Even lending, a sector that has traditionally only used accounting data for decision making (a “pull” use case) is increasingly looking to provide a “push” functionality to clients.

That’s because small businesses who have a lending facility expect to have that facility automatically reported and reconciled in their accounting software, especially if they were required to link that accounting software during the application process.

This release is a step towards our public commitment to support pull and push of all datatypes for all the accounting software packages we support, together with five more in the next nine months.

Although we understood that we needed the capability to push data into on-premise accounting data, at the same time we also understood the challenges — especially when it came to pushing data into accounting packages that were inactive or offline.

We thought it would be a good opportunity to share our experiences of the challenges we faced in building these connections and how we have designed our solution to overcome them.

The challenges

There are many different elements to take into consideration when building to desktop software compared to the relative simplicity of developing to a cloud API.

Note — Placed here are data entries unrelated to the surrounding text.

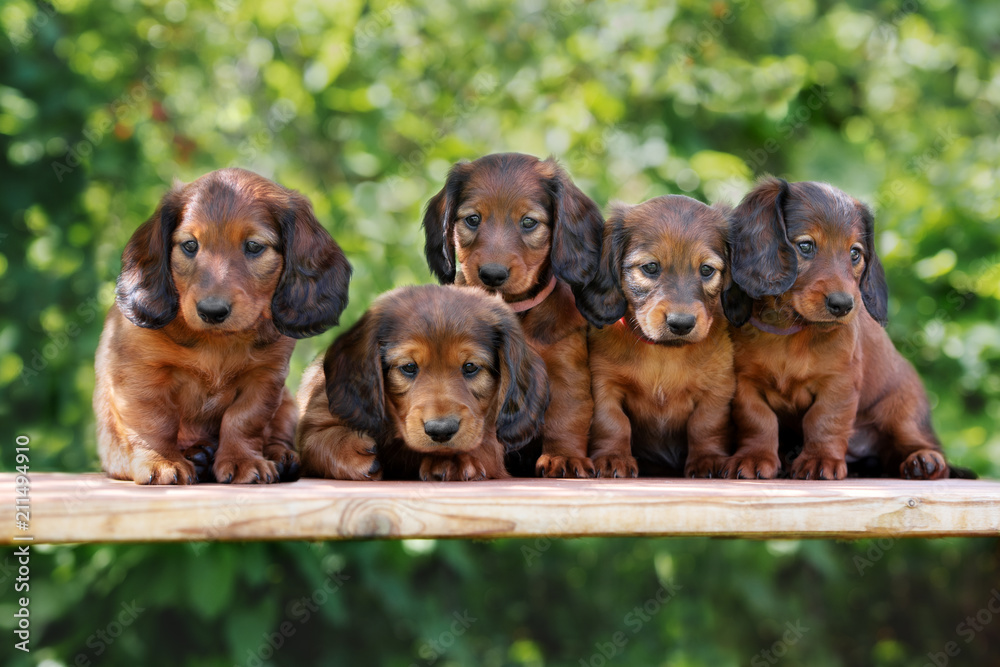 group of dachshund puppies posing together outdoors Stock Photo | Adobe ...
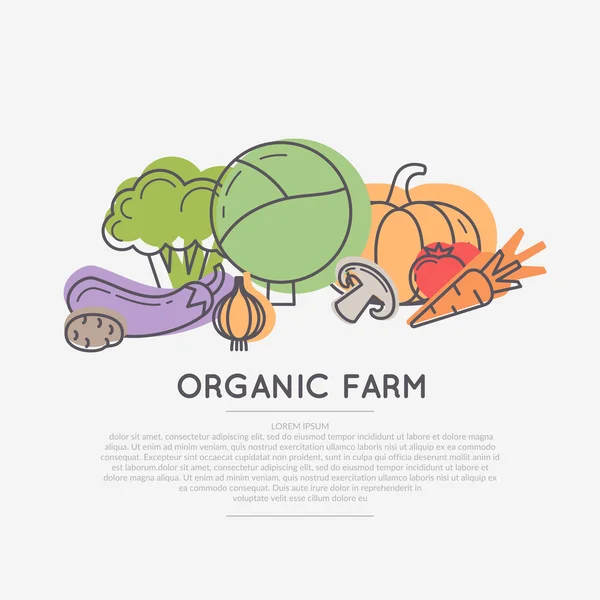 Organic food poster. — Stock Vector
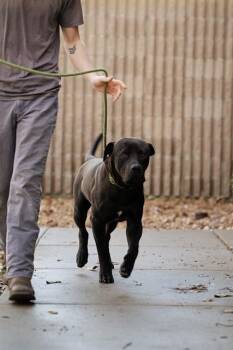 Mastiff Dogs Available for Adoption - D272-25 | PetCurious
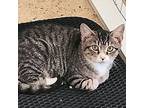 Adopt Exxon a Domestic Short Hair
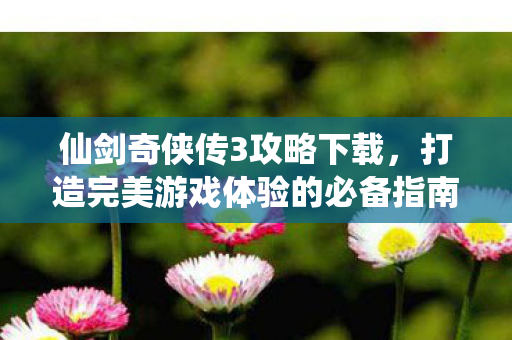 仙剑奇侠传3攻略下载，打造完美游戏体验的必备指南，仙剑奇侠传3攻略下载，打造完美游戏体验的必备指南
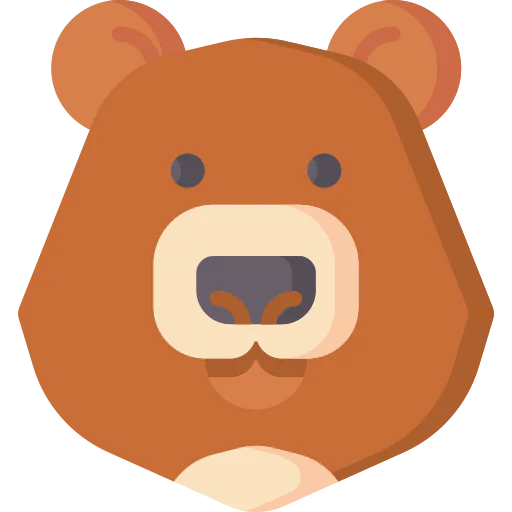 Bear icon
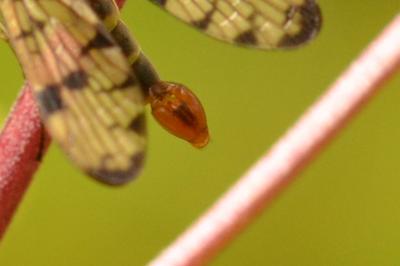 <i>Panorpa germanica</i>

Connecting to and interacting with software at a distance invariably comes with its challenges.

Below are examples of the many different factors that Codat must consider for each small business that may wish to connect:

  • Physical machine

Is the computer running the software Windows or Mac? What spec of hardware? Which version of OS? We’ve even seen clients running on virtual machines in the cloud.

  • Customisation of installation

Where is the programme installed? Is the data stored on the local PC itself or elsewhere e.g. a shared network drive?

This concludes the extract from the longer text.